I was in the third grade. We were in art class. We were making these projects that involved creating an image out of tissue paper or construction paper or some such that had been torn into small squares, then glued onto a background, mosaic-like I guess. I don't recall what I made, but I clearly remember a classmate making a slice of watermelon. She had chosen a deep red, a medium pink & a pale pink for the flesh of the melon, in graduating order from darkest to lightest, from the top to the bottom, and a lighter & darker green for the rind. She had brown pieces scattered across the melon for seeds. I admired it.
And then I told her so.
Her response has stuck with me. (Clearly, if I am still thinking about it more than a quarter century later.) She didn't even look up from her project as she said, "You're just saying that so I will compliment yours."
That was it. That was all she had to say.

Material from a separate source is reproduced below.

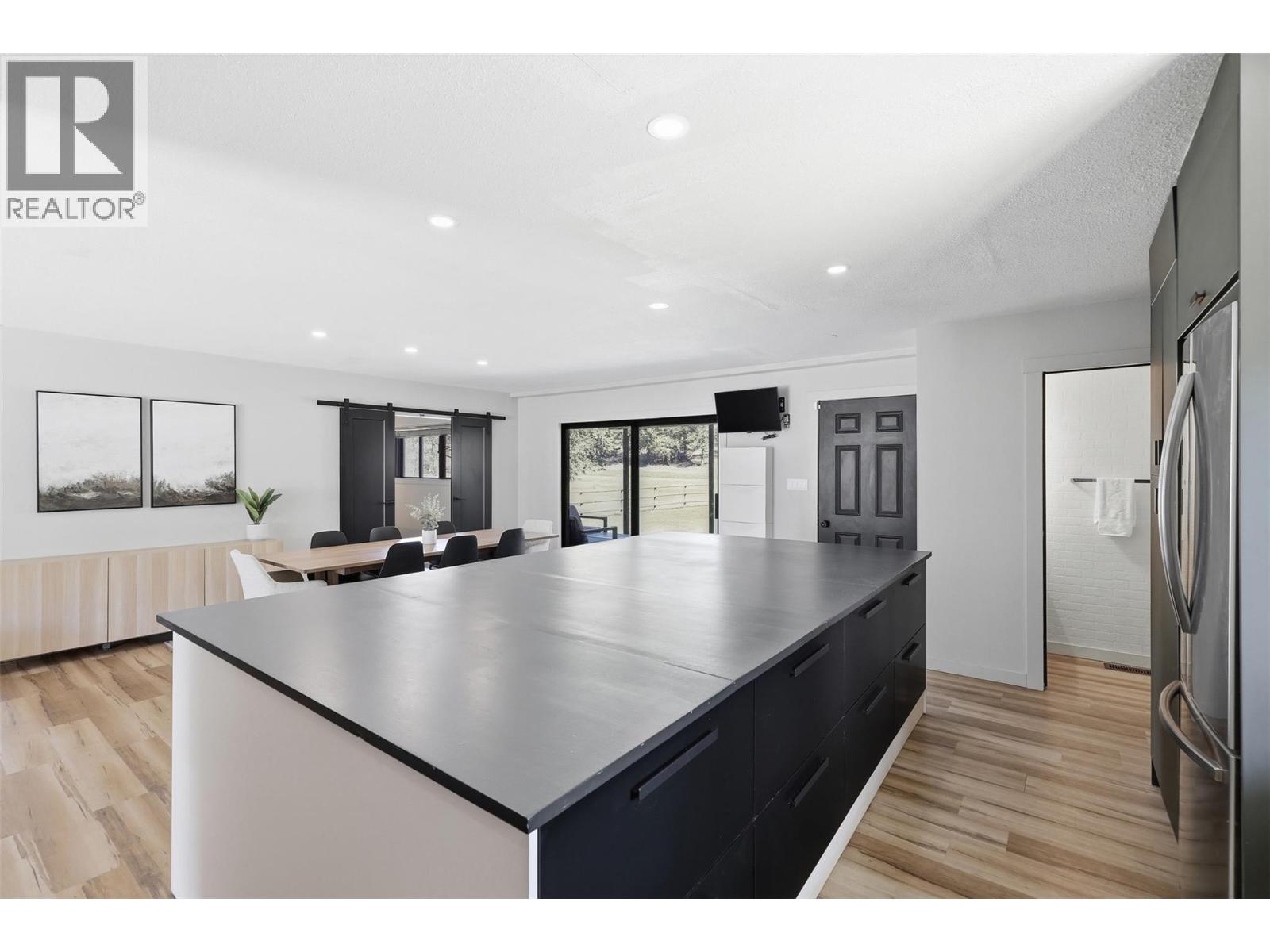 4747 Kamloops Vernon Highway, Westwold, British Columbia  V0E 3B1 - Photo 10 - 10385137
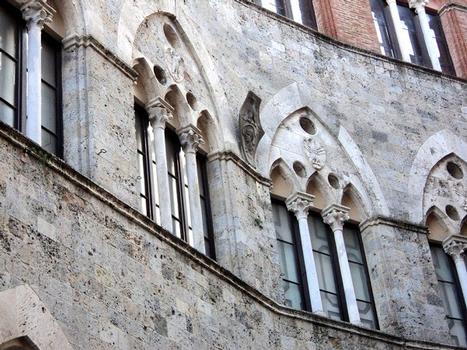 La façade du palais Chigi-Saracini, 89 via di Città à Sienne (Toscane)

I was taken aback. I hadn't been fishing for praise. I don't even think that doing such a thing had ever, to that point in my young life, crossed my consciousness. I fell silent again, mulling her reply. And week after week, as we marched into the art room, I would glance at her watermelon hanging on the wall, and I would contemplate what she had said. Every time I replayed her words in my head, it stung.
I've learned in my many years since that day, that people often don't have the most sincere intentions, even when they appear to be doing or saying something nice. They ask how we are because it's socially polite. When someone compliments us, we suspect ulterior motive. They smile to our face and turn right around to throw us under the bus or gossip before we've even fully left the room. I guess, maybe, this childhood classmate of mine had learned this lesson far earlier than I did. Perhaps she had been exposed to it before I ever was. Perhaps she had learned to engage in such behavior entirely on her own. But until the day she uttered the words, it had never even been a possibility to me.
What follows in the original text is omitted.